The five research projects on the theme of 'Equality and Recovery', selected by the Polisocial Award 2021 and financed thanks to '5 per mille' pre-tax donations to Politecnico di Milano, are coming to an end. The public health emergency resulting from the pandemic contributed to intensifying inequality and marginalisation and actualising the risk of an increase in disparity; therefore, the funded projects work towards economic, social and cultural recovery by promoting the development of methods, strategies, tools and technologies aimed at reducing inequalities and facilitating access to resources and opportunities for particularly vulnerable people, social groups or communities.
Co-ordinated by Prof. Davide Fassi at the Department of Design, the SOSpesa project takes its cue from a grassroots neighbourhood initiative which started in a Facebook group - NoLo Social District. During the first lockdown in 2020, it was a meeting point for those who wanted to donate food, those who needed it, and those who could make themselves available to deliver groceries door-to-door. With the end of the lockdown period, Off Campus NoLo at Politecnico di Milano has decided to adopt this initiative, starting to experiment with various methods to offer a service that was previously left to individual initiative. The Off Campus spaces at the neighbourhood market at Viale Monza 54 were chosen for this. Researchers Valentina Ferreri from the Department of Design and Stefano Quaglia from the Department of Management, Economics and Industrial Engineering explain the details of this project, moving from the desire to help families in need.
'We wanted to provide a different service compared to the classic "spesa sospesa" offered by supermarket chains, in order to avoid the "first come, first served" crowd,' Ferreri explains. The food being given away is fresh and high-quality, and the distribution system is managed in an orderly manner: the recipients (currently around 200 families) are contacted to organise the delivery of the groceries, which takes place a couple of times a month. Each family is entitled to pick up two types of groceries, alternating between them: first a packet of surplus food, rescued thanks to the collaboration with RECUP and various neighbourhood shops that donate their unsold food, and then a bag of products worth 30 euros, bought by Off Campus.
How are recipient families identified? "Initially, they had to register on an online platform, then in 2021, with the arrival of our Polisocial project, a selection of recipient families and a methodology of distribution on a rotational basis were defined", Ferreri explains. "We do not ask for proof of financial status, we trust people's good faith: we have neither the means nor the ability to check. It works: we are notified of many people by Rete Qubì in Loreto, others are referred by families who already benefit from the service; some have even removed themselves from the list, because they no longer need help."
Another aspect of the SOSpesa project is the 'transformation' (yes, this is what it’s called) of unsold goods: "Many shopkeepers wanted to support our initiative with unsold goods, but they had an insufficient amount of surplus. So we decided to donate a small part of the boxes we rescue thanks to the work of the Recup association to the restaurant ‘Cunza’ and the delicatessen ‘Fola’, which reprocess and cook the products to make dishes and preserves to sell. For every dish sold, the project receives one euro", explains Ferreri.
Among the most critical issues encountered, especially with an eye to the future, is the need to continuously raise funds for the project: 'We are always in need of money to buy quality food,' explains Ferreri. 'At the moment, those who wish can donate in three ways: with Satispay, by bank transfer or in cash at the collection points. In the future, however, if the model expands to other neighbourhoods, fundraising will be an aspect to be taken into account.' According to Quaglia, the added value of SOSpesa is that, by getting the real neighbourhood involved, they can better see to the social aspect and create a network of people willing to work with them.

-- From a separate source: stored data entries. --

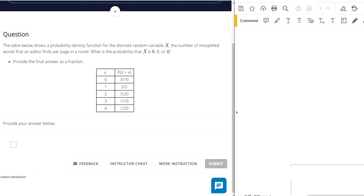So we got a table, probability density function for the discrete random variable. What is the probability that x is 0, 1, or 4?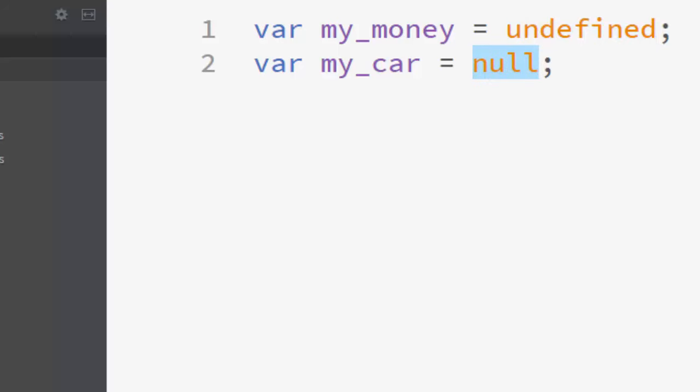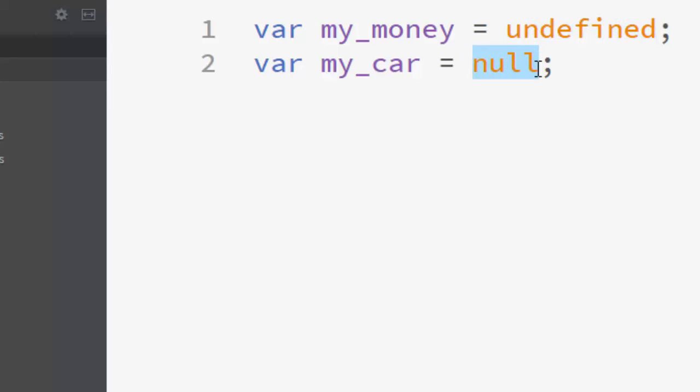So you will use undefined as a value and null as an object. That's all in this lesson. Thanks for watching. Bye-bye.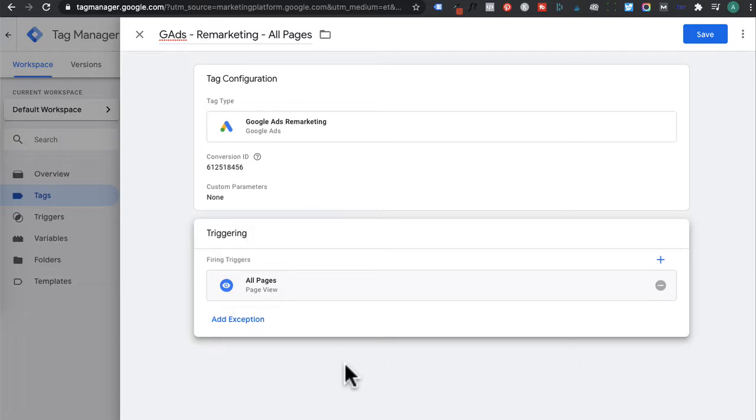And just one thing to note, it's within the Google Ads interface that's where you create your custom audience list for specific pages on your website. You don't create those audiences within Google Tag Manager.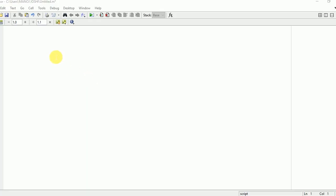Hello to everyone. In this video, I am going to explain how to plot a pie chart in MATLAB. First of all, you need to write certain commands: CLC, clear all, close all. These are the commands to clear the command window.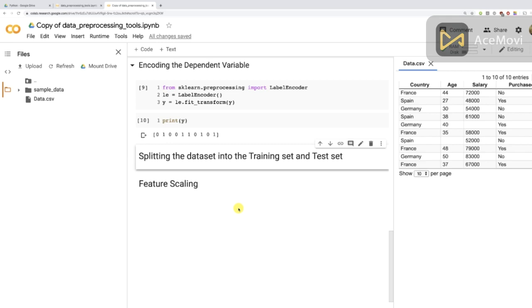Hello my friends! I hope you digested well the previous tutorial where we tackled this big but yet important tool of our data pre-processing toolkit. Indeed, now you know how to handle the case where you have some categorical data in your dataset, which is a situation you will encounter many times in your future machine learning career.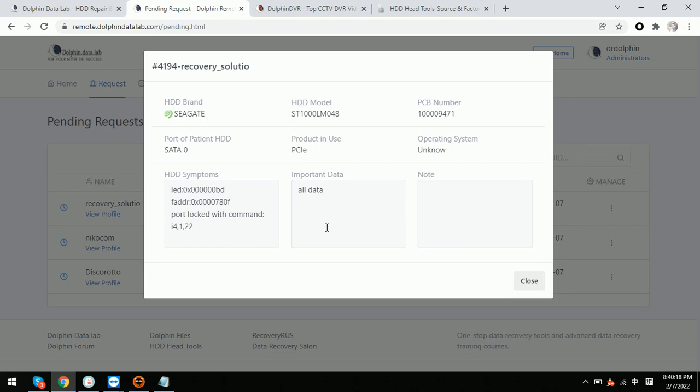Hello everyone. This is one live case study for one Dolphin user from Mexico. Here we can see there are three cases waiting for the Dolphin users to fix in the backend of the Dolphin remote support system.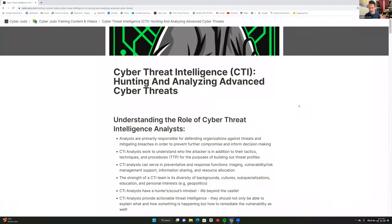Welcome everybody, thank you so much for joining us on Cyber Judo tonight. We have an extra special session talking about cyber threat intelligence, particularly around hunting, analyzing, and looking for advanced threats within your network and organization. Ryan Johnson is going to be presenting and going through a lot of the content he's developed for the team.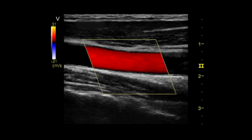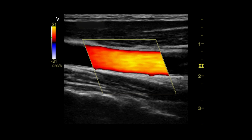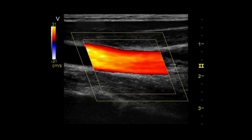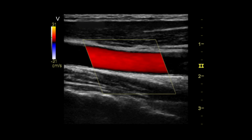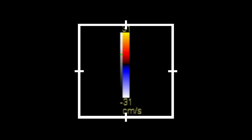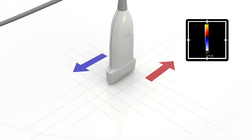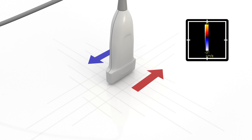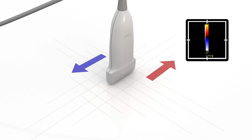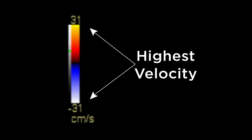Activate colored Doppler on the device and position the color box over the lumen of the common carotid artery, or CCA. The color bar serves as a legend that maps color to the velocity and direction of blood flow. The red color indicates flow toward the transducer, and the blue color indicates flow away from the transducer. The intensity or brightness of a color is a representation of the velocity of flow.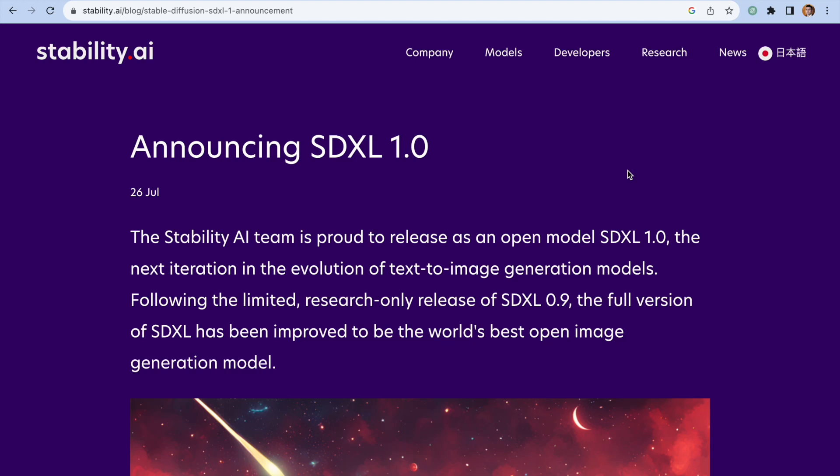Hi, it's Nick, and today I want to talk about SDXL 1.0, the latest model created by Stability AI, the company behind Stable Diffusion.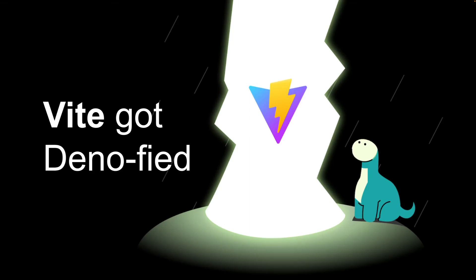Hi, everyone. I'm Bartek, a core engineer working on Dino, and today I'm going to show you how to set up a Vue app with Vite and Dino, and then we will deploy it to the edge using Dino Deploy.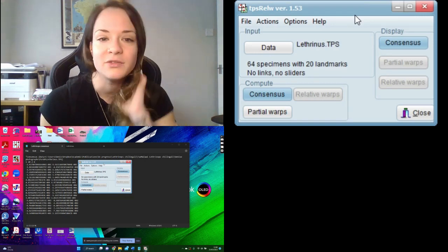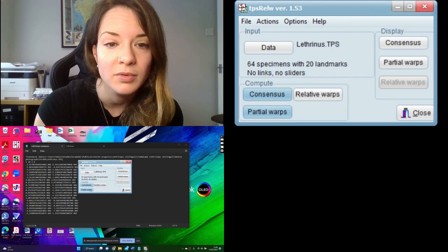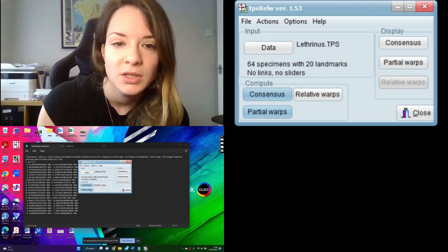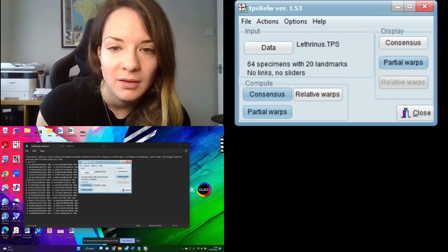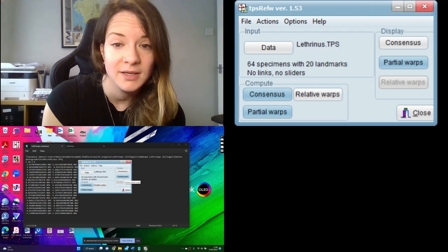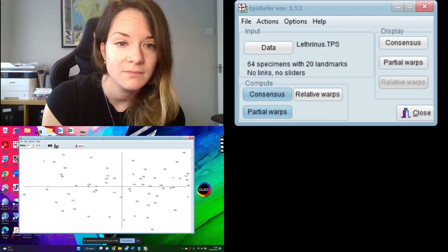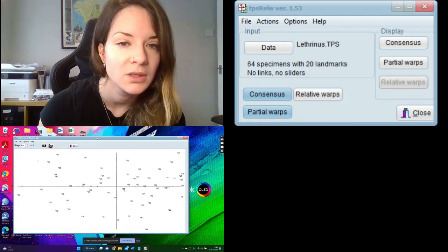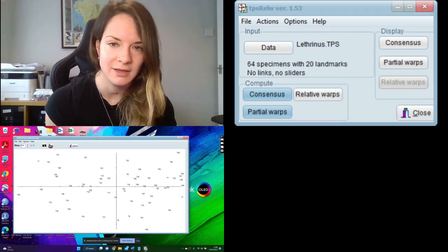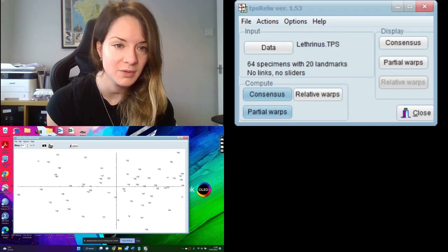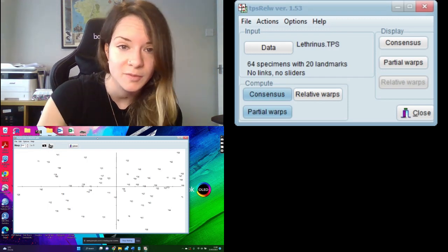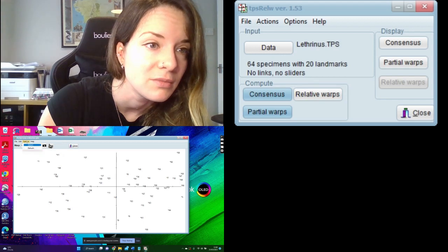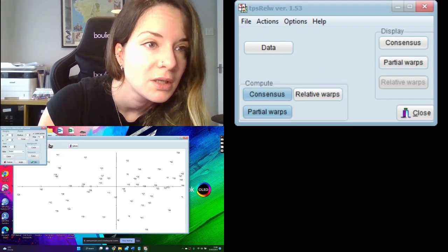So what we're going to do is we're going to do a partial warp analysis. So then we can display this as a partial warp ordination plot like this. So as you can see, it's basically a form of scatter plots.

The project involved many students as volunteers: "Some student associations, such as Social Innovation Teams (SIT), took care of the relationship with the recipients, contacting them when it was time to pick up the groceries", says Ferreri. Another active collaboration is with the Muslim Students Association, which assists the volunteers delivering groceries at the Off Campus NoLo site, talking with recipients who do not understand Italian.

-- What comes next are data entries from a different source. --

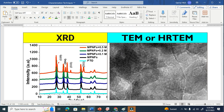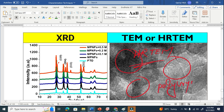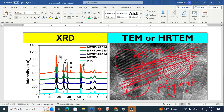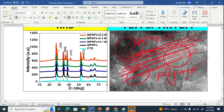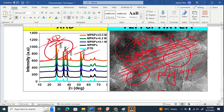Looking at a high-resolution TEM image, we can clearly see this is a polycrystalline material — one grain here, another grain here, another grain here. If it were a single crystal, we would see only one grain filling the entire area. This is polycrystalline. Correspondingly, in the XRD pattern we see multiple peaks — one peak, another peak, another peak. If it were single crystalline, we would have only one peak.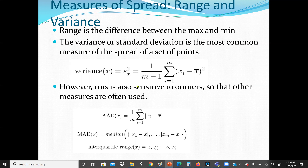To find the variance, we first find the mean of the whole data set, then subtract the mean from each value, square it, add all together, then divide by the number of values. If we are using a sample, we divide by n minus 1. If we are using the full population, we divide by the population size.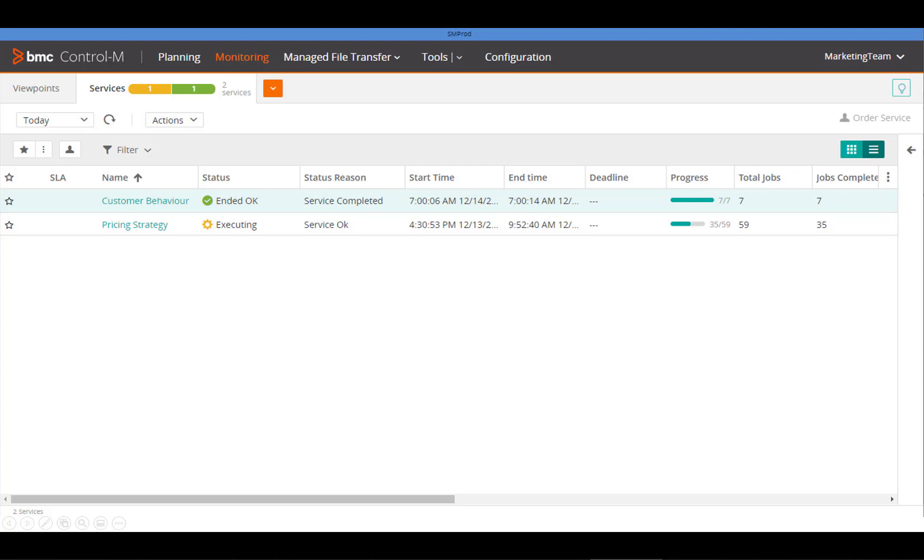Appropriately permissioned users can monitor their services and the service details so they know when insights will be available and up to date. If permissions allow, they can also make changes to service workflows.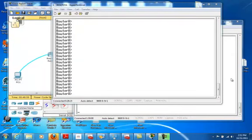Let's review what we have done so far. We named the router, configured the serial interface with IP and a mask, configured loopback 0 and loopback 1, then configured Telnet access and enabled the password. The next step is to configure the static routes on Router A.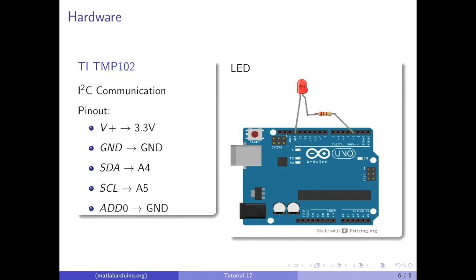Here is the pinout. Connect the supply voltage and ground to the plus 3.3 volt and the ground pins of the Arduino. Since it is an I2C device, connect the SDA to pin A4, and the SCL to pin A5, and ADD0 to ground.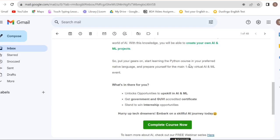Start learning the Python course in your preferred native language and prepare yourself for the main one-day virtual AI and ML event. We have already provided some Python courses, and we will cover the 15th virtual event.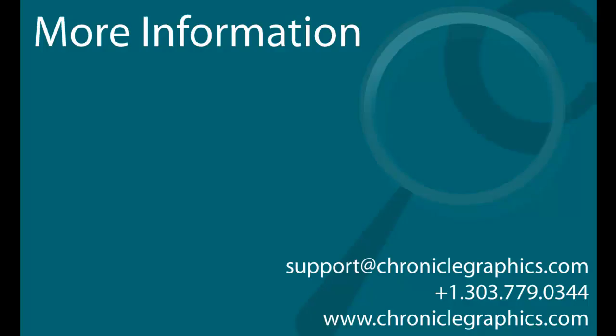For more information on how to use OnePager, please visit our website at ChronicleGraphics.com, or email us at support at ChronicleGraphics.com, and we'll be happy to assist you.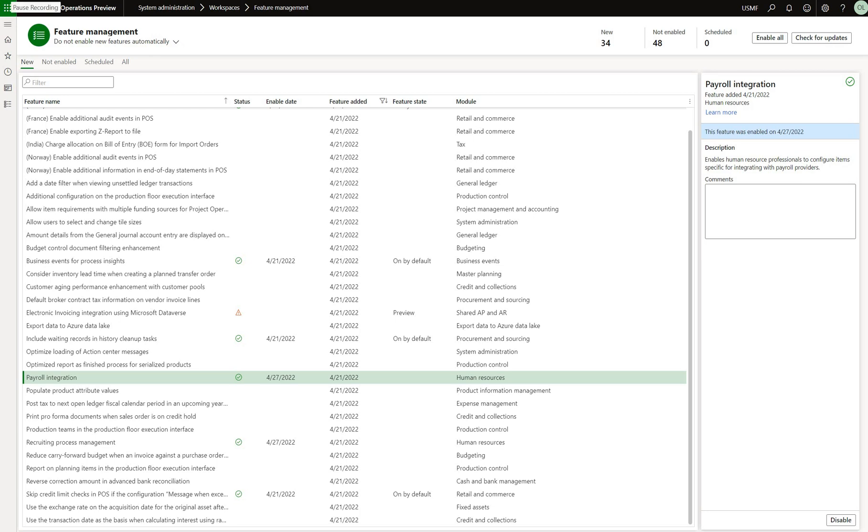Hello and welcome. In this episode we will review a new feature in Dynamics 365 version 10.0.27 which is called payroll integration.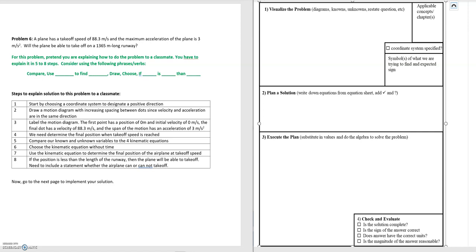In this video we'll be looking at problem six. Problem six states that a plane has a takeoff speed of 88.3 meters per second and the maximum acceleration of the plane is 3 meters per second squared. Will the plane be able to take off on a 1,365 meter runway? This problem is a little different than the previous examples where we used the problem-solving framework to solve the problem.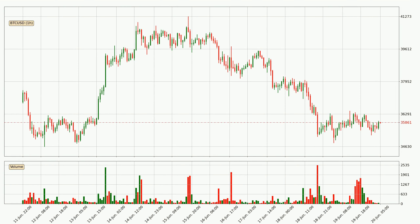If we look at the hourly time frame for Bitcoin, the price went up only slightly with around 0.8% in the last 24 hours, with a current price of 35,861.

The researchers are now ready to wrap up the project, which is in its closing phase: one of the ideas for the future, in addition to taking the model to other neighbourhoods (starting perhaps with other Off Campus sites), is to develop a neighbourhood refrigerator project. 'It would be interesting to share a cold store with other organisations and services involved in food rescue and redistribution. Rete Qubì participated in a municipal call for projects with this idea, now we just have to wait for the results,' Ferreri concludes.